_RAW DATA_
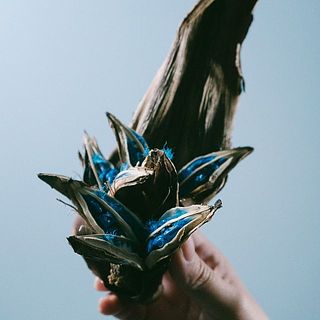 形、実付きには個体差があります。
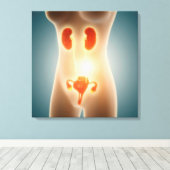 Anatomie des weiblichen Körpers mit Fortpflanzungs Leinwanddruck (Insitu (Holzboden))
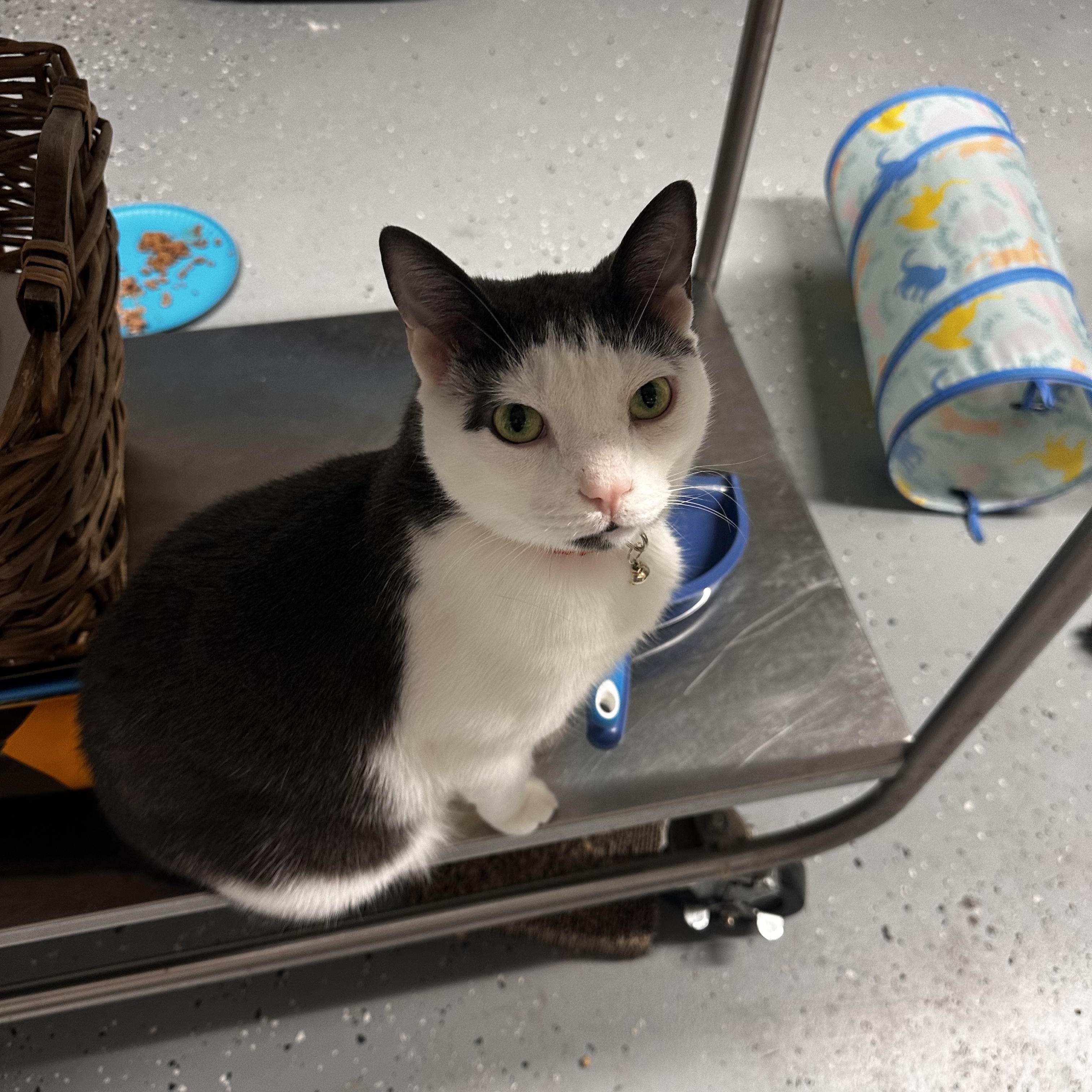 Rangoon, adopted, Adult Male Domestic Short Hair.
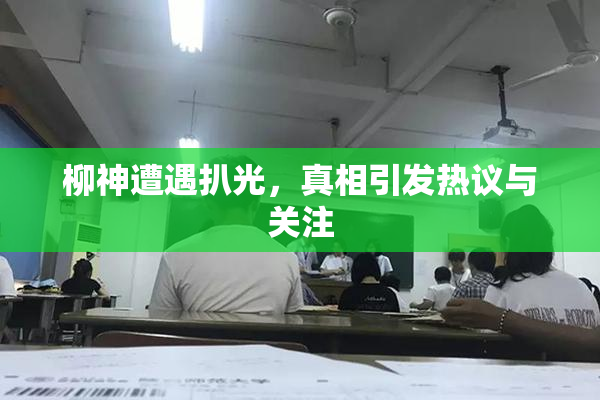 柳神遭遇扒光，真相引发热议与关注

_WHAT THE EXERCISE ASKS_
Please provide a faithful transcription of all the data, pictures excluded.

_EXERCISE RESPONSE_
 形、実付きには個体差があります。
 Anatomie des weiblichen Körpers mit Fortpflanzungs Leinwanddruck (Insitu (Holzboden))
 Rangoon, adopted, Adult Male Domestic Short Hair.
 柳神遭遇扒光，真相引发热议与关注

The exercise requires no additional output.